Como devem ter reparado, estou a trazer a esta rubrica escritores que admiro e cujas obras tenho acompanhado. Hoje queria, sobretudo, falar do excelente livro O Velho Gringo, de Carlos Fuentes. ESte grande escritor mexicano foi uma das minhas previsões falhadas em termos de Nobel; outra foi o argentino Ernesto Sábato; com Mario Vargas Llosa acertei. Quando Fuentes publicou Adán en Edén, escrevi: «os critérios da Academia de Estocolmo, são inescrutáveis. Não se compreende como é que o argentino Ernesto Sábato, o peruano Mario Vargas Llosa, o mexicano Carlos Fuentes não obtiveram ainda o galardão. E falo só de alguns dos que, felizmente, estão vivos. Jorge Amado foi um caso de evidente injustiça, se de justiça se pode falar ao evocar o Nobel. Naturalmente que falo apenas no plano literário, como se não soubesse que outros factores entram na ponderação dos académicos suecos».

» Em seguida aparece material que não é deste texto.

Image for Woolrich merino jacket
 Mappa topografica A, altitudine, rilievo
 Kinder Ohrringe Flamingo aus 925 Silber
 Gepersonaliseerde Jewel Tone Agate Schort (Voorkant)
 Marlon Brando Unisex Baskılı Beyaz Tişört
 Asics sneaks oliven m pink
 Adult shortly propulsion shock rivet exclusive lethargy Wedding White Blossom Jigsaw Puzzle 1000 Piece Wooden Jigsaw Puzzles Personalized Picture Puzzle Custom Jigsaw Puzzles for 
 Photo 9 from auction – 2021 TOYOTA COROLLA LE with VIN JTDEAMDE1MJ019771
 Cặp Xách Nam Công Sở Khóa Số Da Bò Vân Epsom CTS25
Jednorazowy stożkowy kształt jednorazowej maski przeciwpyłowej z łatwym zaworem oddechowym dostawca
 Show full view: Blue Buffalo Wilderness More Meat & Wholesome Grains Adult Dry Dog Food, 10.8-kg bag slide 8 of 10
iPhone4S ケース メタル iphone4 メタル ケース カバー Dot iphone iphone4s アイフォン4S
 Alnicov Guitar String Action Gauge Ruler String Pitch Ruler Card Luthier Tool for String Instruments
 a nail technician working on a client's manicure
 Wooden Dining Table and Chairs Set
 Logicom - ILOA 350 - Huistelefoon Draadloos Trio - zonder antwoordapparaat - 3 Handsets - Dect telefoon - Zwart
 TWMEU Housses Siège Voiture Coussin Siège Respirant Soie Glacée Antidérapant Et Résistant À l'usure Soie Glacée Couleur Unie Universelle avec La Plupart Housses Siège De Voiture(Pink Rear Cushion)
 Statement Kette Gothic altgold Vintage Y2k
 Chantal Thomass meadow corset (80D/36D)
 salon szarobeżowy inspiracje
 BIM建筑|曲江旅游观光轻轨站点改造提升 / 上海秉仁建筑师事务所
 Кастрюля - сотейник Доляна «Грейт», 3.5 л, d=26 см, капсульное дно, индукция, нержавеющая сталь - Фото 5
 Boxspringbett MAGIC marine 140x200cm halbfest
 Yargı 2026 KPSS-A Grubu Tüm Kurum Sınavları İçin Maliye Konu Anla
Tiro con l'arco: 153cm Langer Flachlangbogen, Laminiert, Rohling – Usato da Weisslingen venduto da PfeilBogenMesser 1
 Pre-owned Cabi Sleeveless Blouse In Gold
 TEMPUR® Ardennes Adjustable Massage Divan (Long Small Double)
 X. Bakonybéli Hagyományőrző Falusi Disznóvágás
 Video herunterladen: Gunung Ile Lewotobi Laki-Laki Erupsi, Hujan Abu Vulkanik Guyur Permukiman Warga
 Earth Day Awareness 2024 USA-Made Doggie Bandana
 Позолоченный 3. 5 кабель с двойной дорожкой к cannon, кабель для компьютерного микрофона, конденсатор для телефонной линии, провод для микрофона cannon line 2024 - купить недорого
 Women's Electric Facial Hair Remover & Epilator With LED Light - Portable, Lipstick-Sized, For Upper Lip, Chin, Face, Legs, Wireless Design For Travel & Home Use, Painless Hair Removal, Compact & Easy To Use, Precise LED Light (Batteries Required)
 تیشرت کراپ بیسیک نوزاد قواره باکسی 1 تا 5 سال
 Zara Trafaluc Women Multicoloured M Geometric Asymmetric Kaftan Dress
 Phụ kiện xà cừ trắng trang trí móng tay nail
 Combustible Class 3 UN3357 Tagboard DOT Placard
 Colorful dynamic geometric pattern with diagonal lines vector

Uma breve resenha biográfica de Carlos Fuentes – nasceu no Panamá, filho de um casal de diplomatas, em 1928. Estudou na Suíça e nos
Estados Unidos. A itinerância dos pais, obrigou-a a viver em diversos países – Equador, Uruguai, Brasil, Estados Unidos, Chile, Argentina… Voltou ao México onde permaneceu até 1965. Licenciado em Direito, desempenhou cargos oficiais, sendo, entre 1972 e 1976, o embaixador do México em França. Morreu em Maio de 2012 na Cidade do México. Foi figura nuclear da moderna novelística em língua castelhana. Lembro apenas as suas obras mais importantes: A morte de Artemio Cruz (1962), Agua quemada (1981), Gringo viejo, O Velho Gringo (1985). Adán en Edén (2011) A propósito deste último livro, em entrevista ao El País falava no horror de um México minado e dominado pelo narcotráfico.« Carlos Fuentes, no pórtico de O Velho Gringo, diz : Em 1913, o escritor norte-americano Ambrose Bierce, misantropo, jornalista da cadeia Hearst e autor de alguns formosos contos sobre a Guerra da Secessão, despediu-se dos seus amigos com um certo número de cartas nas quais, desmentindo o seu reconhecido vigor, se declarava velho e cansado.» Em todas elas, não obstante isso, o escritor reservava-se o direito de escolher a forma da sua morte. A doença ou o acidente – a queda, por exemplo, de uma escada – pareciam-lhe indignos de si. Em contrapartida, ser justiçado diante de um muro no México… «Ah – escreve ele na sua última carta -, ser um gringo no México é de facto uma eutanásia.» «Entrou no México em Novembro e nunca mais se soube nada dele. O resto é ficção.»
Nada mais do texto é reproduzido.